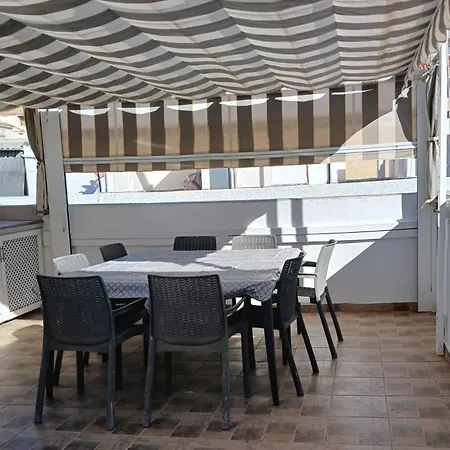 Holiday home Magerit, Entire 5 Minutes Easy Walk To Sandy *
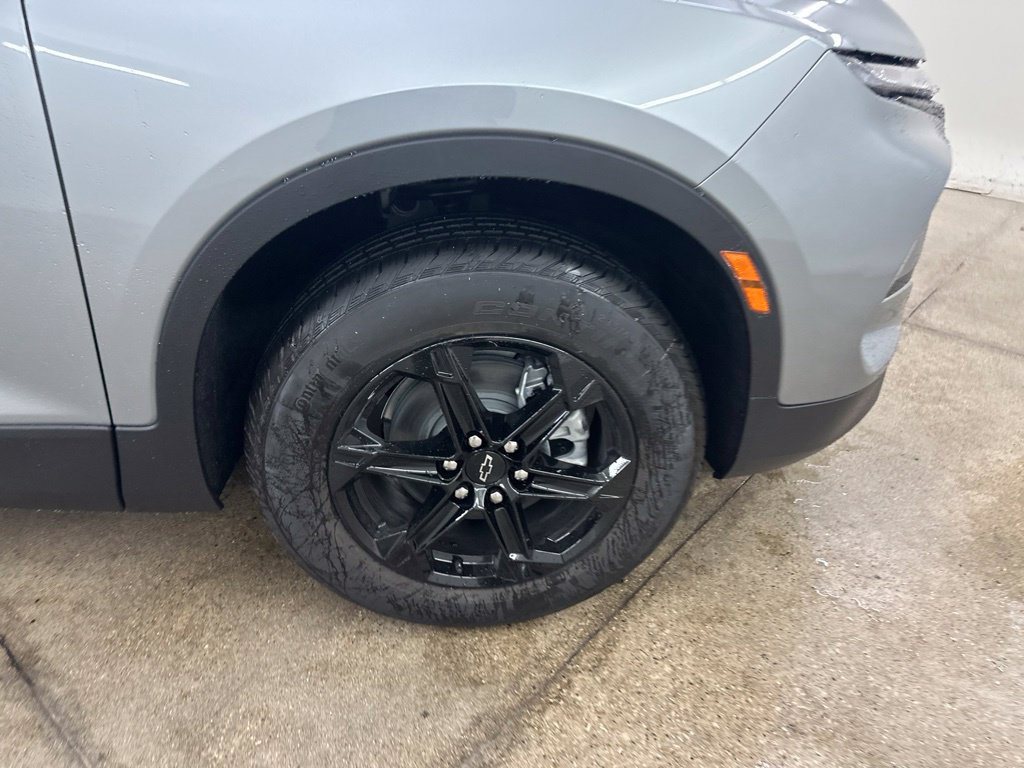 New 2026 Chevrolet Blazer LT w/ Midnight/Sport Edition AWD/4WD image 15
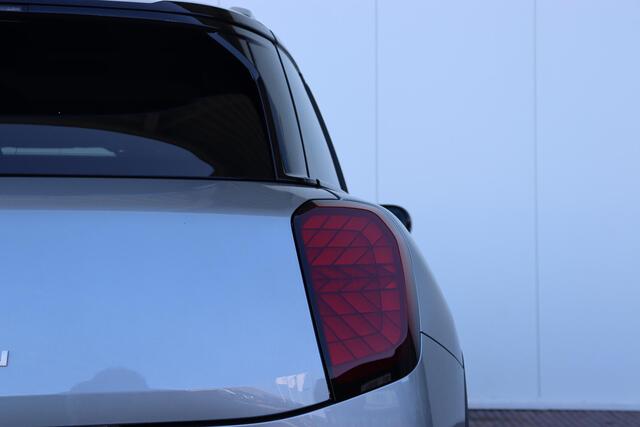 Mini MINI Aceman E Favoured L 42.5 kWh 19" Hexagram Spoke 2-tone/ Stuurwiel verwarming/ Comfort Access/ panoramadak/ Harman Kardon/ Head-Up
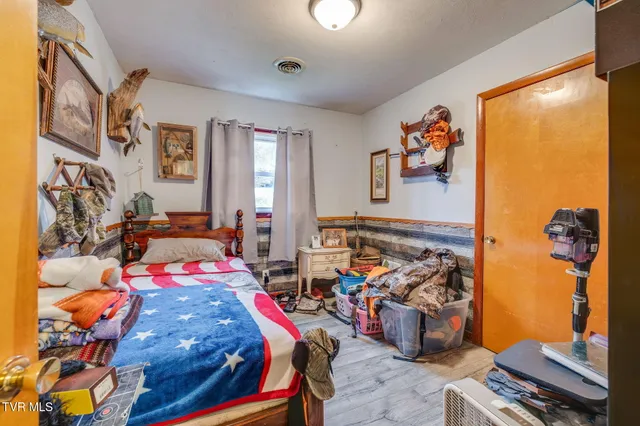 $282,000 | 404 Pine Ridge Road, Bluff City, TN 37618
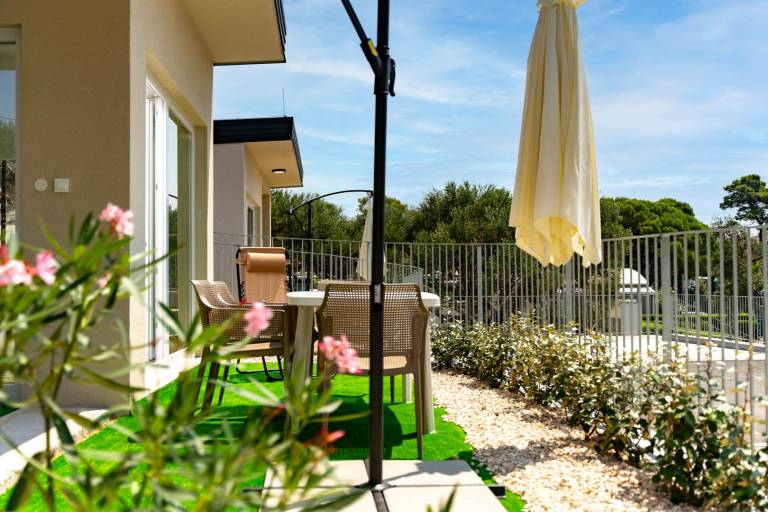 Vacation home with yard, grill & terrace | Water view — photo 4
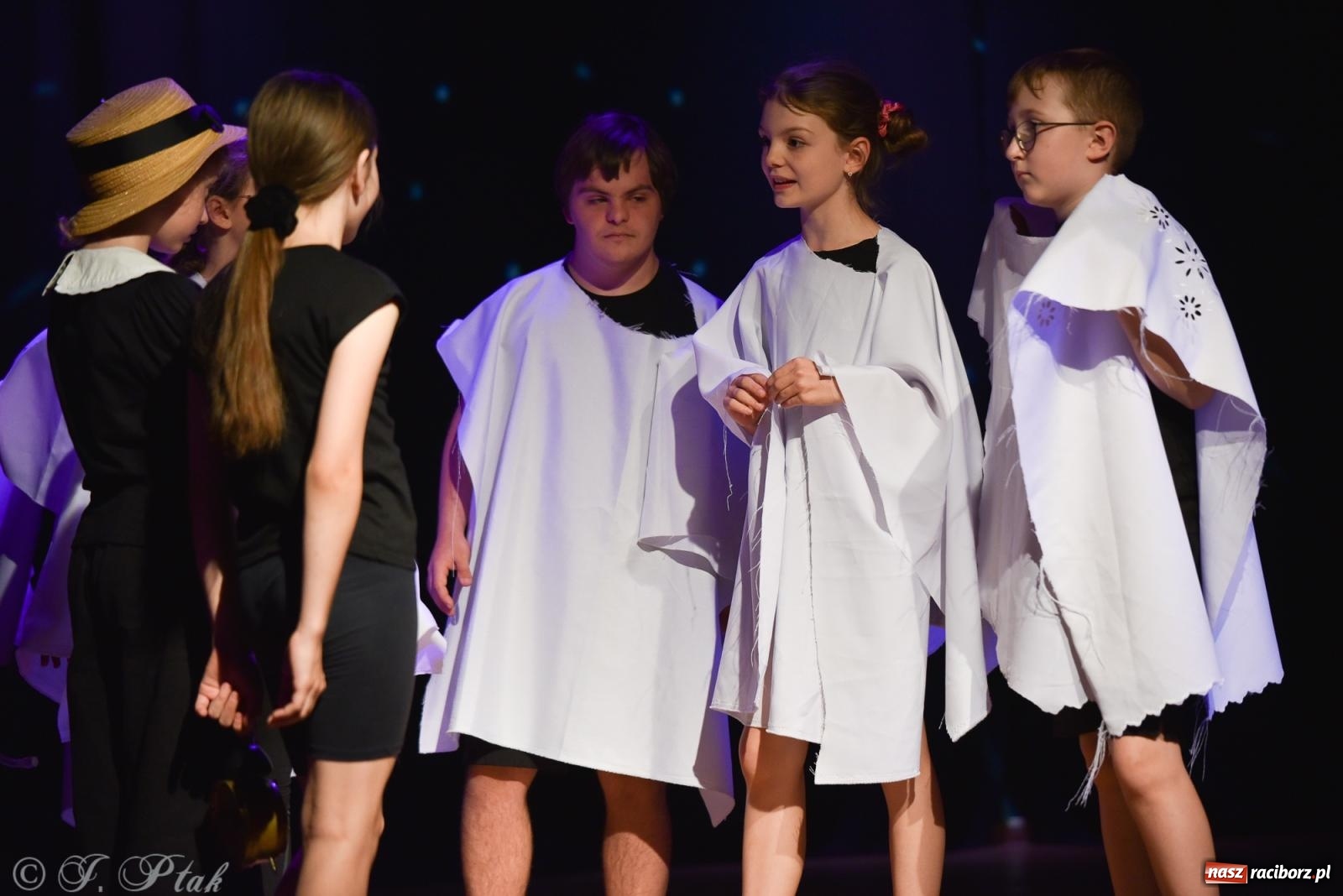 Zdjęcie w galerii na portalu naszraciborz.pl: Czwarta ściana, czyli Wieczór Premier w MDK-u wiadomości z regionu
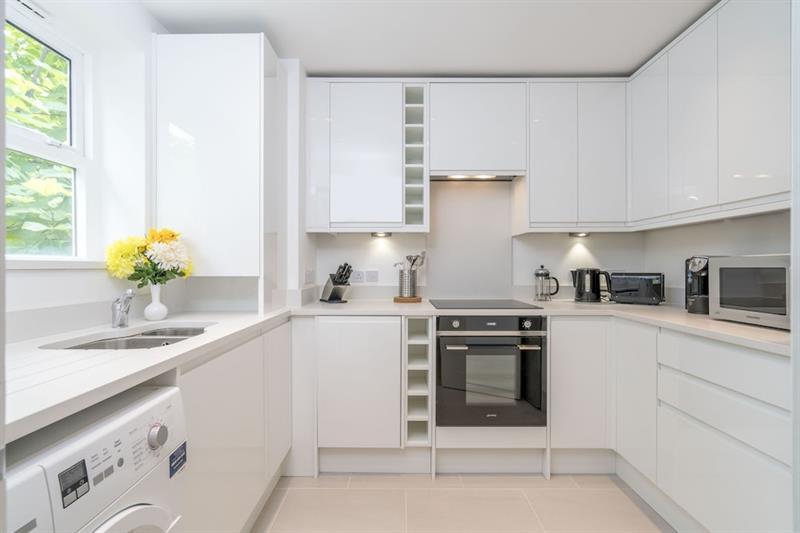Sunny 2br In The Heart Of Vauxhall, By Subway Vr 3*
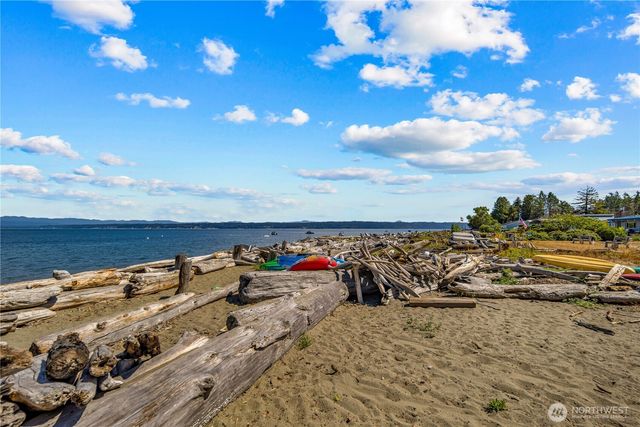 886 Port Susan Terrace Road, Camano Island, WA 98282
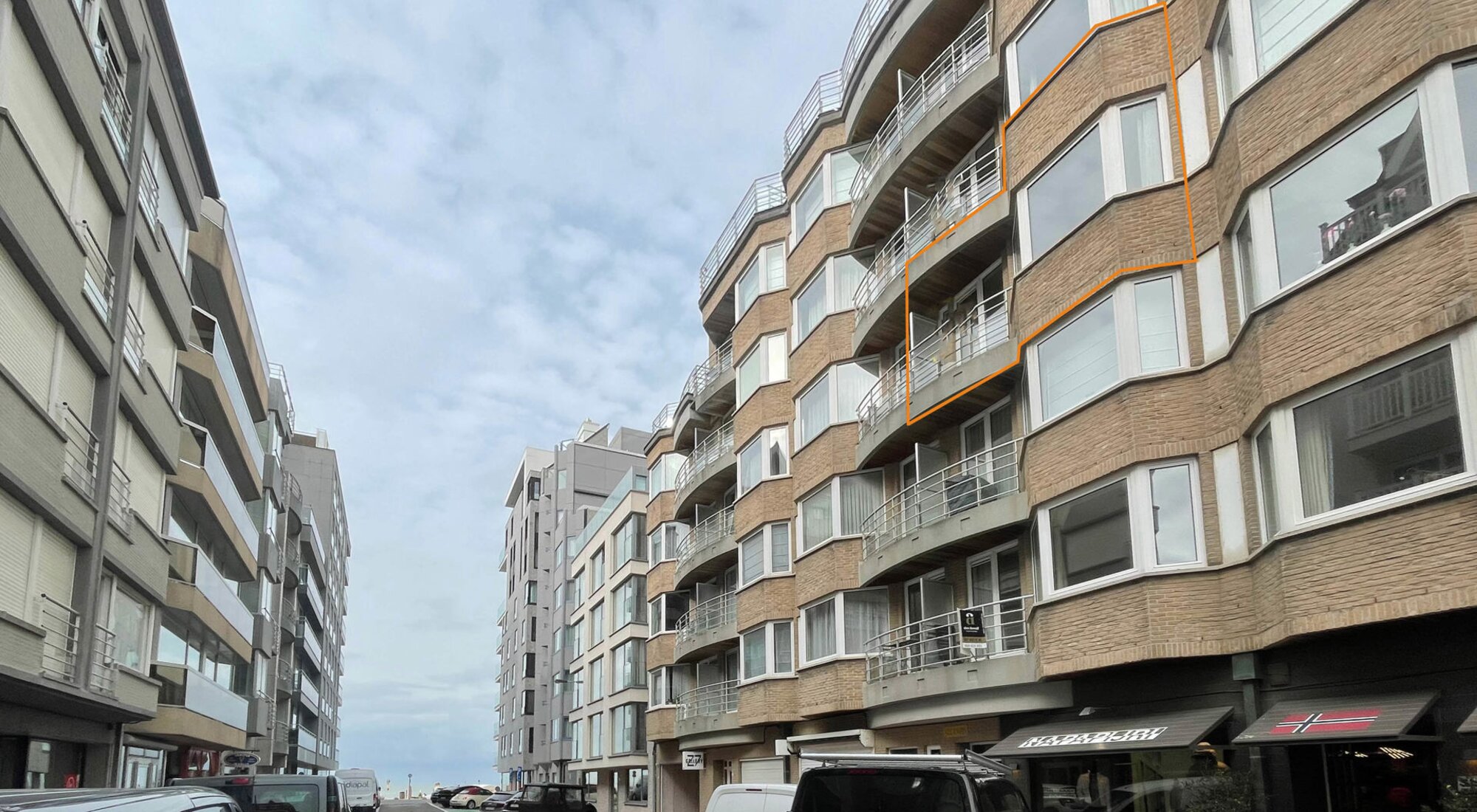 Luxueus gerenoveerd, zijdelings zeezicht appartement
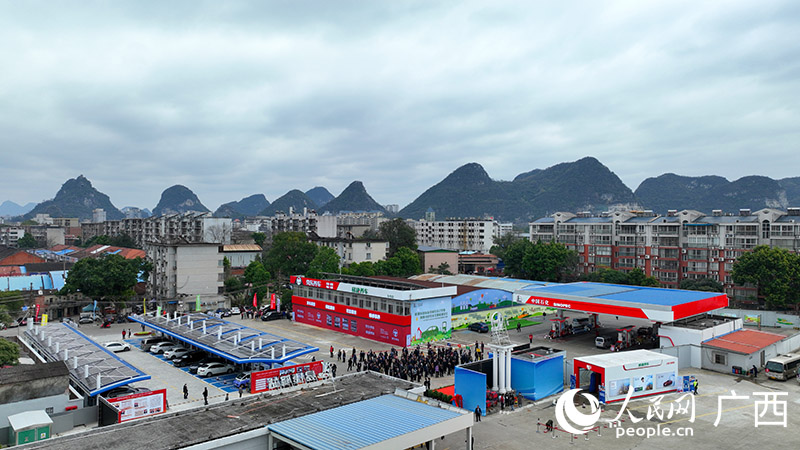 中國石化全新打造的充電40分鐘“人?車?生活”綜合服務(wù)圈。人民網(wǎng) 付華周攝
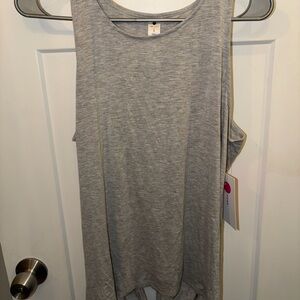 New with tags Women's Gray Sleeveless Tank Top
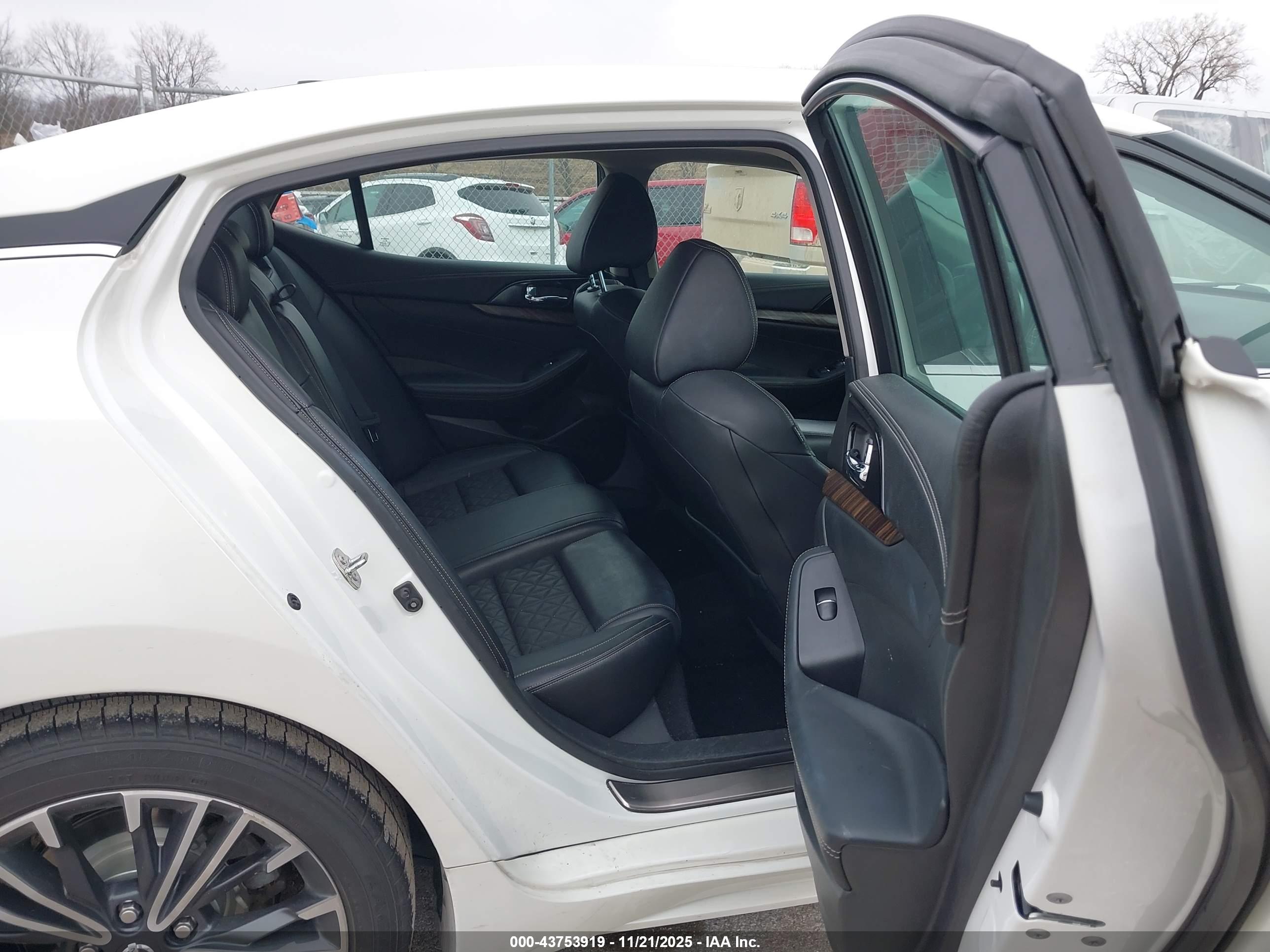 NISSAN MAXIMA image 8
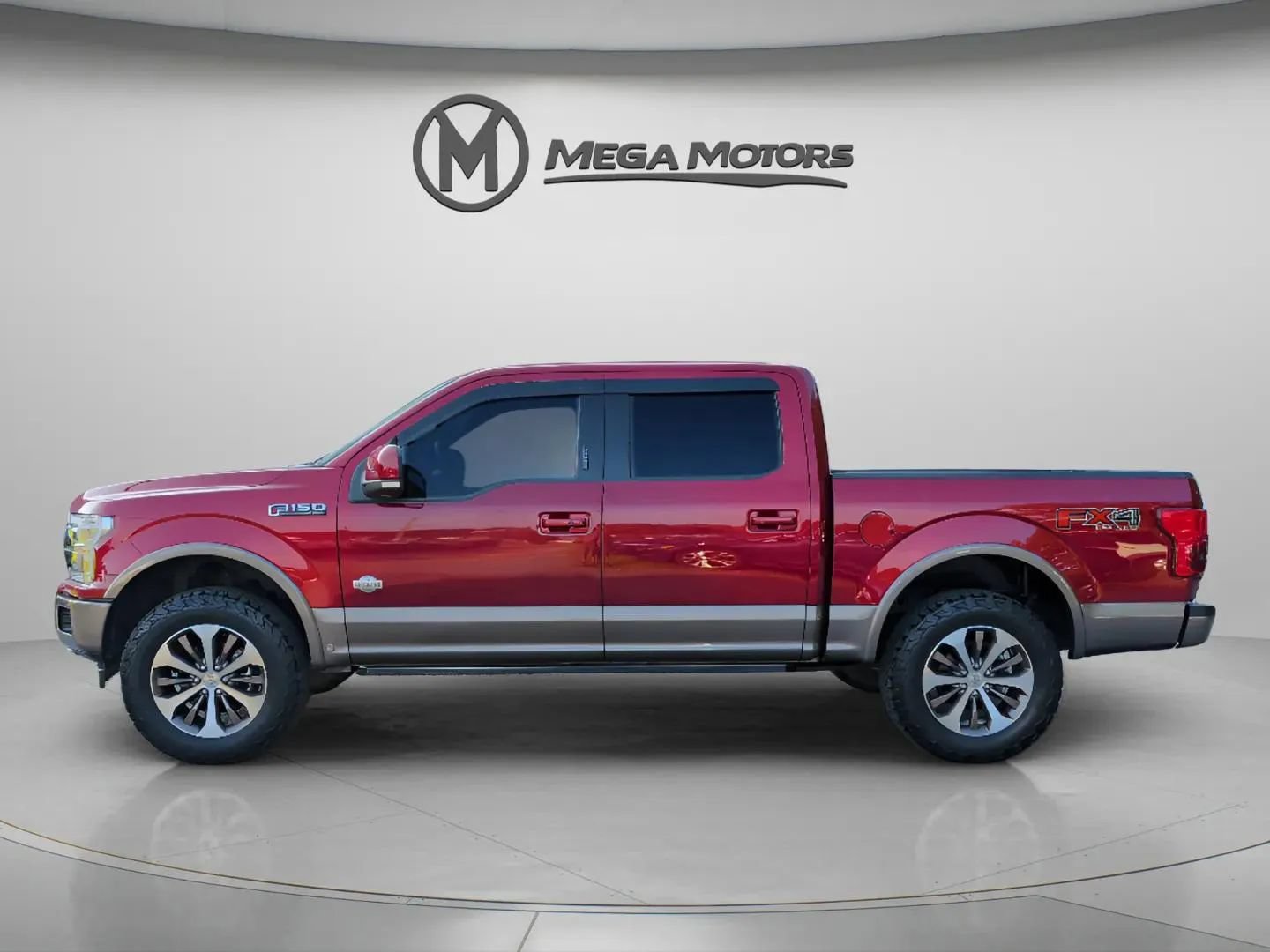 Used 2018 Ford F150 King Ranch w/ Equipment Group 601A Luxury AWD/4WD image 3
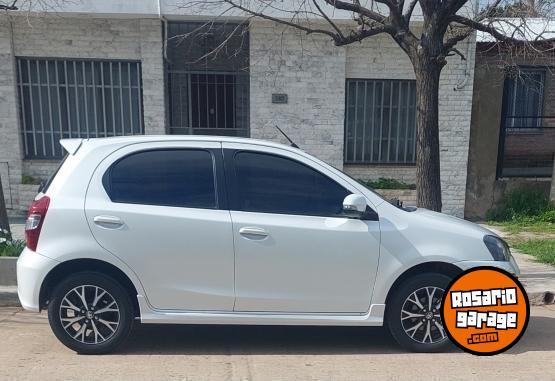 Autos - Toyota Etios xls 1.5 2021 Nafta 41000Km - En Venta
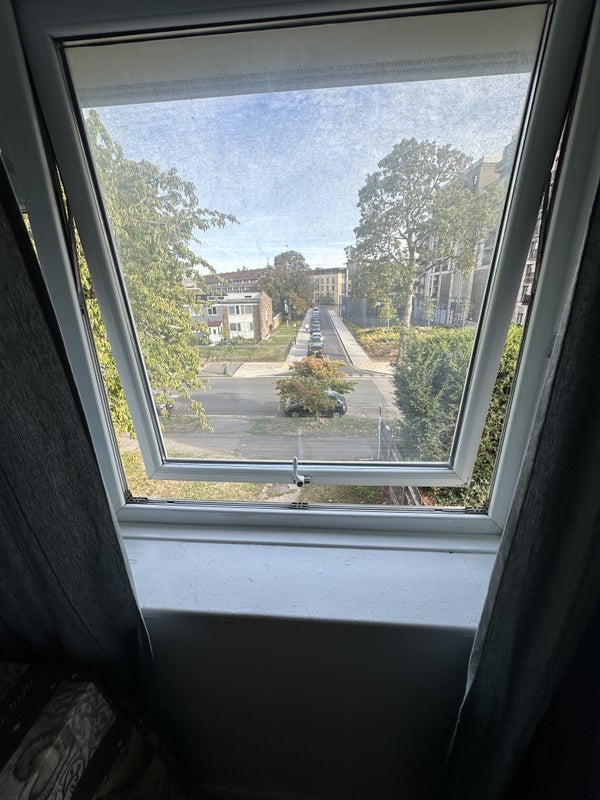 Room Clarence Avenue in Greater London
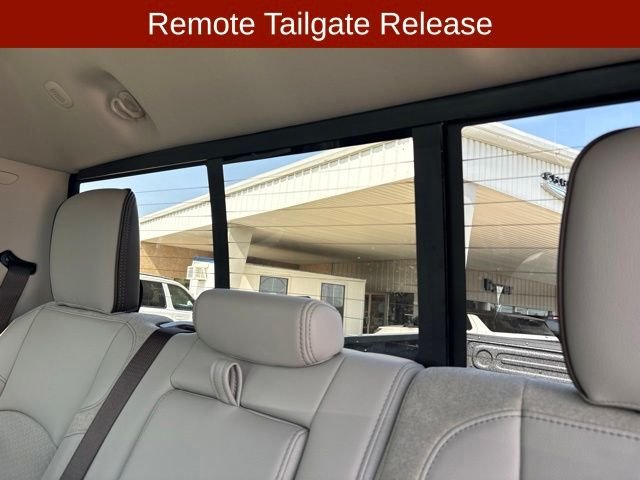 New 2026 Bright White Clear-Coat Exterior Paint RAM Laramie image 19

——————

» **Task objective**
Could the entries above be returned verbatim, with no pictures included?

» **Completed exercise**
 Holiday home Magerit, Entire 5 Minutes Easy Walk To Sandy *
 New 2026 Chevrolet Blazer LT w/ Midnight/Sport Edition AWD/4WD image 15
 Mini MINI Aceman E Favoured L 42.5 kWh 19" Hexagram Spoke 2-tone/ Stuurwiel verwarming/ Comfort Access/ panoramadak/ Harman Kardon/ Head-Up
 $282,000 | 404 Pine Ridge Road, Bluff City, TN 37618
 Vacation home with yard, grill & terrace | Water view — photo 4
 Zdjęcie w galerii na portalu naszraciborz.pl: Czwarta ściana, czyli Wieczór Premier w MDK-u wiadomości z regionu
Sunny 2br In The Heart Of Vauxhall, By Subway Vr 3*
 886 Port Susan Terrace Road, Camano Island, WA 98282
 Luxueus gerenoveerd, zijdelings zeezicht appartement
 中國石化全新打造的充電40分鐘“人?車?生活”綜合服務(wù)圈。人民網(wǎng) 付華周攝
 New with tags Women's Gray Sleeveless Tank Top
 NISSAN MAXIMA image 8
 Used 2018 Ford F150 King Ranch w/ Equipment Group 601A Luxury AWD/4WD image 3
 Autos - Toyota Etios xls 1.5 2021 Nafta 41000Km - En Venta
 Room Clarence Avenue in Greater London
 New 2026 Bright White Clear-Coat Exterior Paint RAM Laramie image 19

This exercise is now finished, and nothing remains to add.